I know my first response to all such input is to get sort of irritated 
I have to let the comments soak in for a day, or so, before I can see past that. Good luck with your endeavors; I hope you find my comments of some use.


----------



## Disrupt Tees (Jul 30, 2012)

Thanks for your feedback. Only thing i can't change is the positioning of the menu as its a template. Its the best of a bunch of basic options but better than what i had previously. I will implement your other ideas asap. Thanks again.

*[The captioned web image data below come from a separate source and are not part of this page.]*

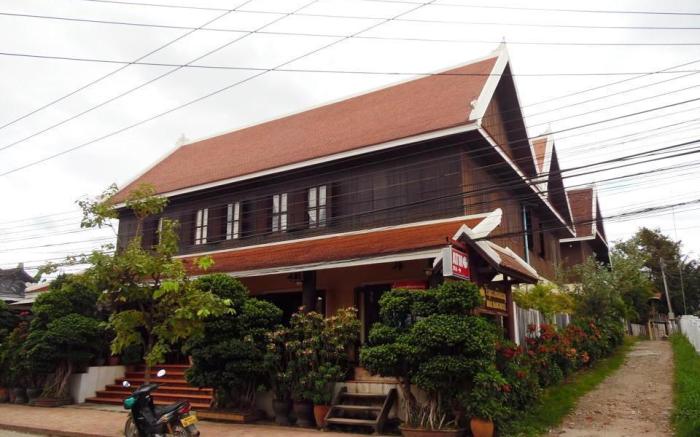 Bualuang Hotel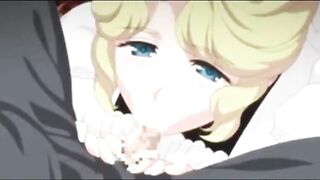 Maid And Her Master Best Hentai Anime Collection #2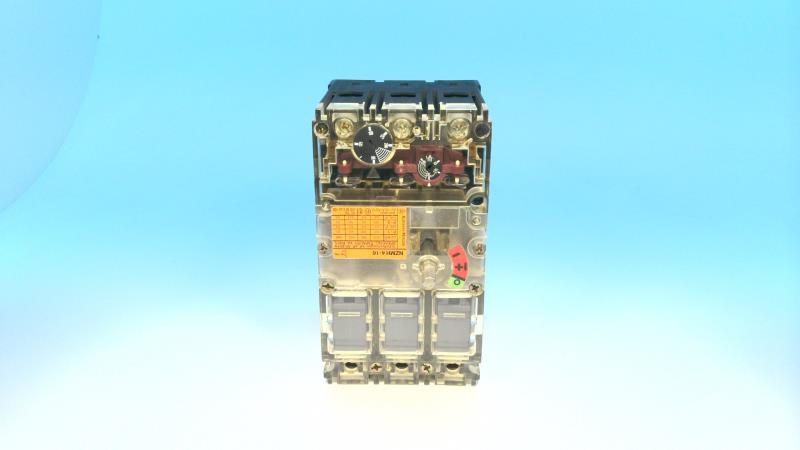 EATON CORPORATION NZMH4-16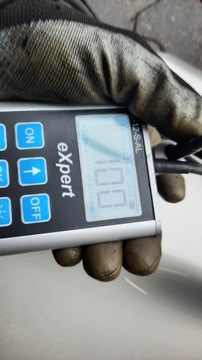 фото thumb №14, Крило перед лівий 30762401 volvo xc60 08-13r фото poglądowe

Sent from my GT-I9100T using T-Shirt Forums


----------



## Lammy74 (Apr 22, 2013)

Guess you nailed it...your site is really "disruptive" hahaha...image file sizes are definitely too big thus causes a lag in loading & the order form might not work if a customer wanted to order more than 1 design tee.

You might want to consider get a proper web design firm to help you out if you have the budget, alternatively put it up on a 3rd party shopping portal & sell it there...much better for you ! )

Cheers
Lammy


----------



## tinysartshop (Jul 22, 2012)

Look into a nice Wordpress template that will work with Woocommerce. You can teach yourself Wordpress fairly easy. The templates will be much more clean and organized. Your products can (in templates) and should show up on the home page.
Keep plugging away though and don't give up. You may have to learn some new tricks but it will be worth it in the end.


----------